EXERCISE PROMPT — When writing out the entries below, keep only the lines from the line with "New 2026 Alpine White BMW xDrive50e image 3" to the line with "Conwy ist eine", both included, exactly as they are, and leave the pictures aside.

GIVEN RECORDS —
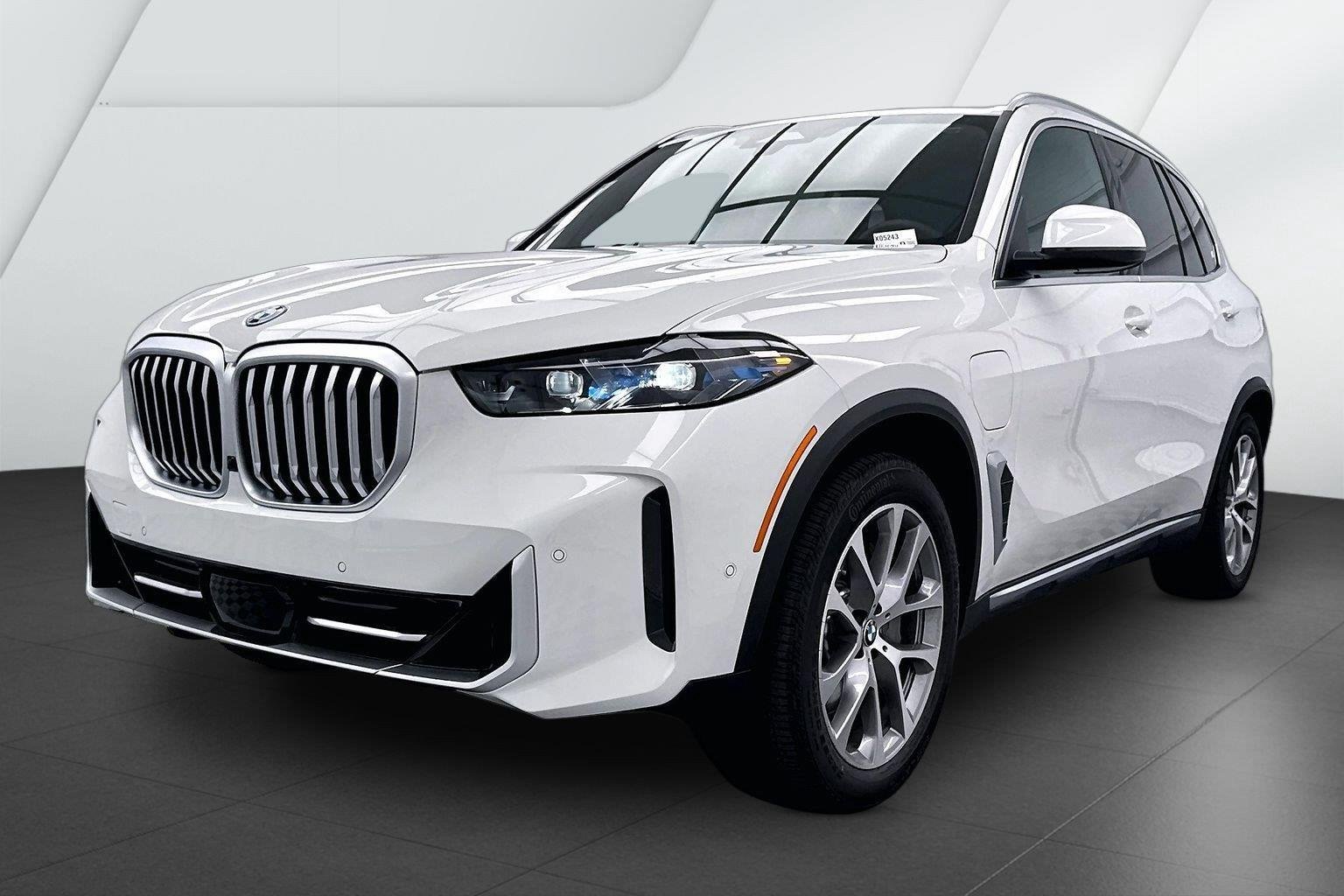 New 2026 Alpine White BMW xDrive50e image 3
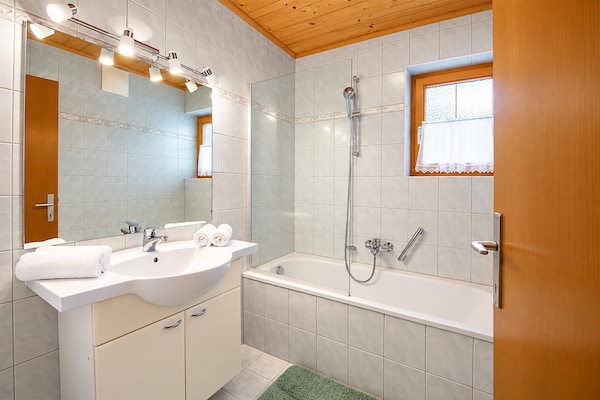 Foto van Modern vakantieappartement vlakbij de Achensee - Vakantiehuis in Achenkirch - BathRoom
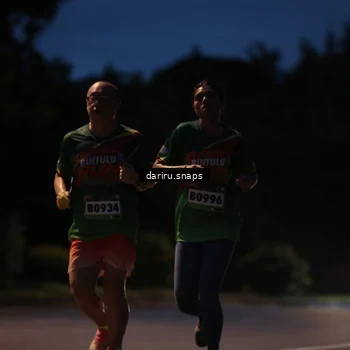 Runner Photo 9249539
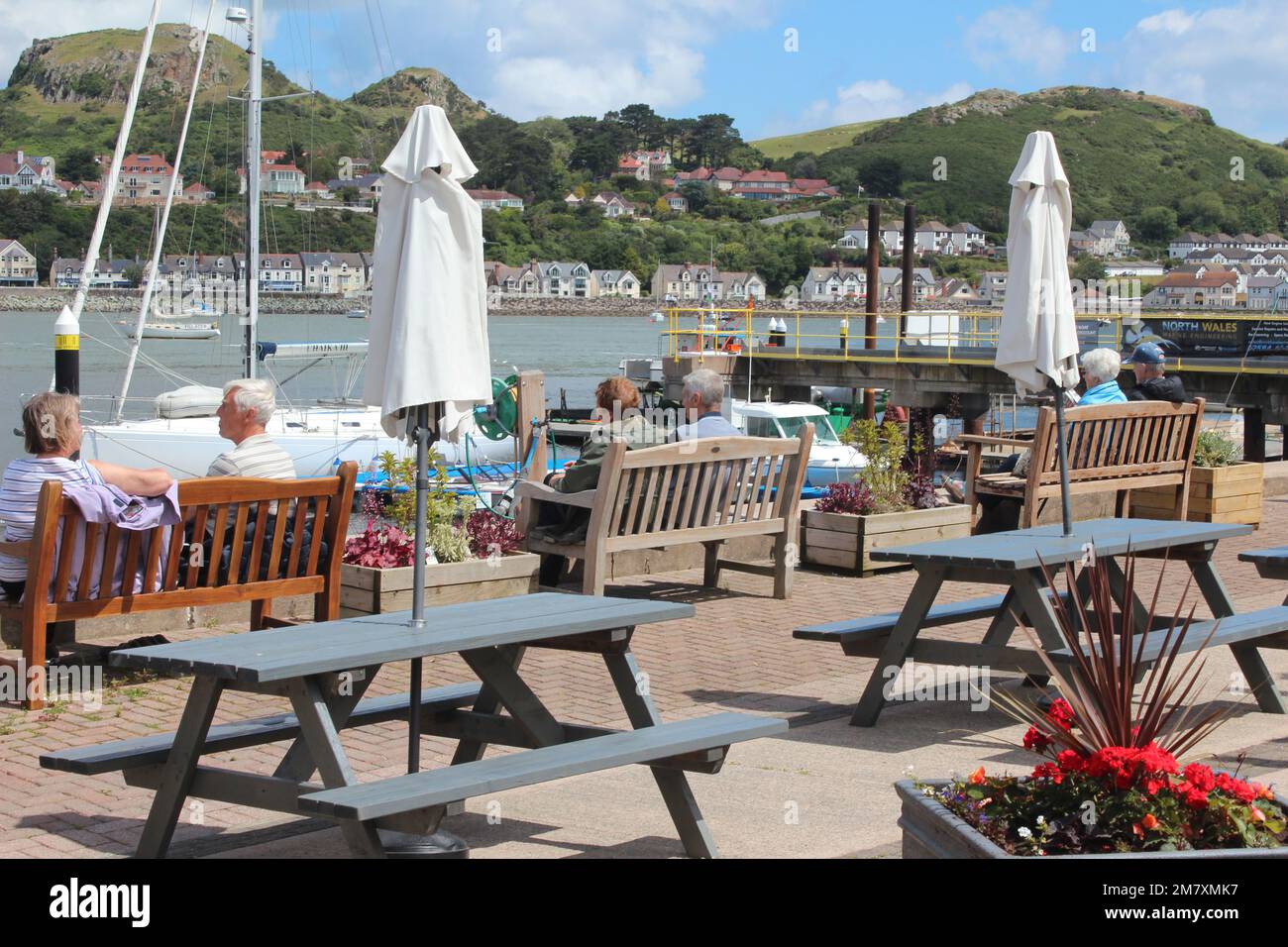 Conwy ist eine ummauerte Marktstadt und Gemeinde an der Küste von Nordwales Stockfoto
* * *
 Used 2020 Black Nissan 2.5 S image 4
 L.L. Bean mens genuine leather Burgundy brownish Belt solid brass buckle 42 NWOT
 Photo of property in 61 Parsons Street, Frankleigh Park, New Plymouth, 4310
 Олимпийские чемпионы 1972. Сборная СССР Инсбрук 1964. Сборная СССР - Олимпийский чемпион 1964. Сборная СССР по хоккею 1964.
==
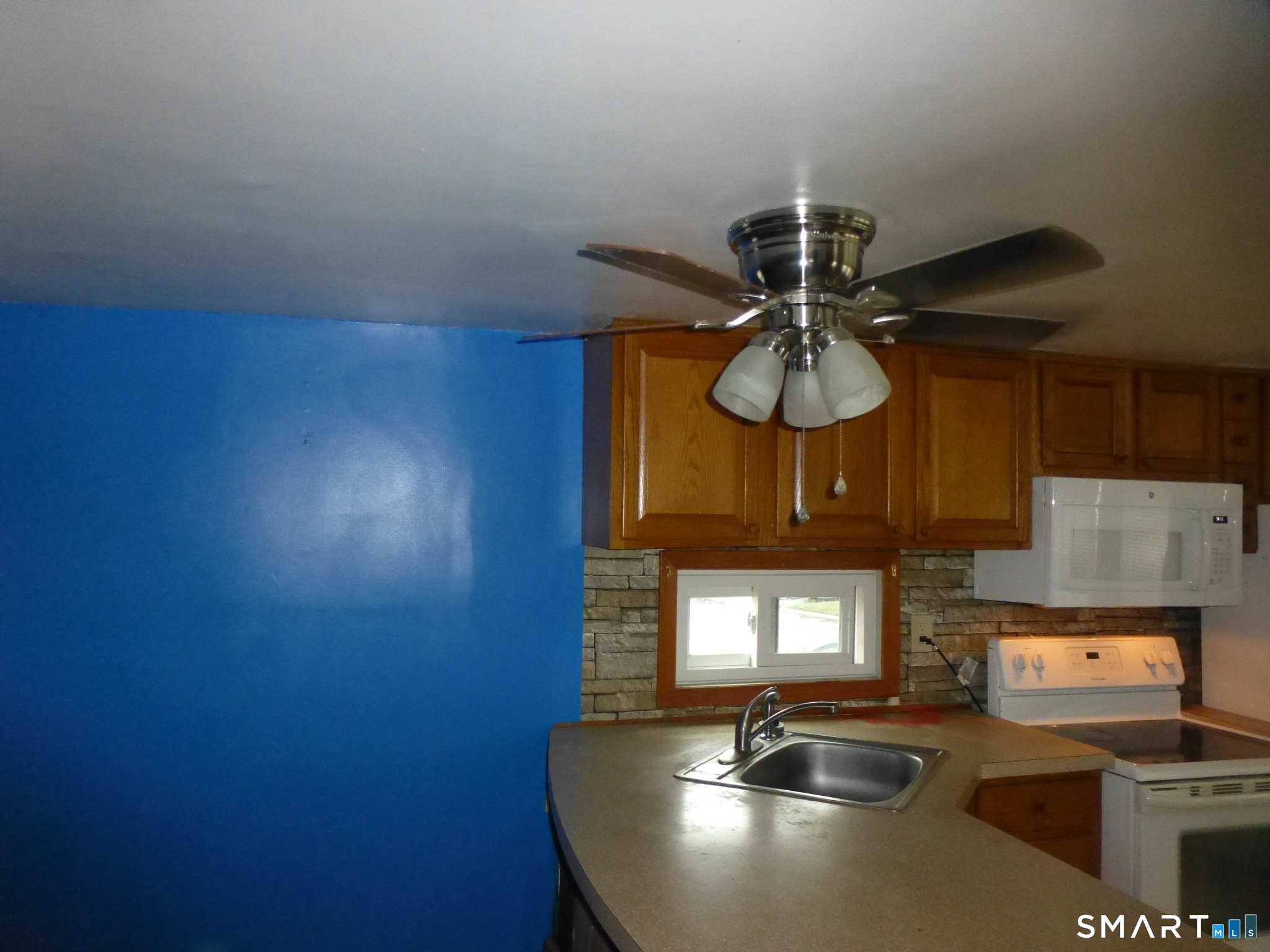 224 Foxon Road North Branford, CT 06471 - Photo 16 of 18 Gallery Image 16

EXPECTED ANSWER —
 New 2026 Alpine White BMW xDrive50e image 3
 Foto van Modern vakantieappartement vlakbij de Achensee - Vakantiehuis in Achenkirch - BathRoom
 Runner Photo 9249539
 Conwy ist eine ummauerte Marktstadt und Gemeinde an der Küste von Nordwales Stockfoto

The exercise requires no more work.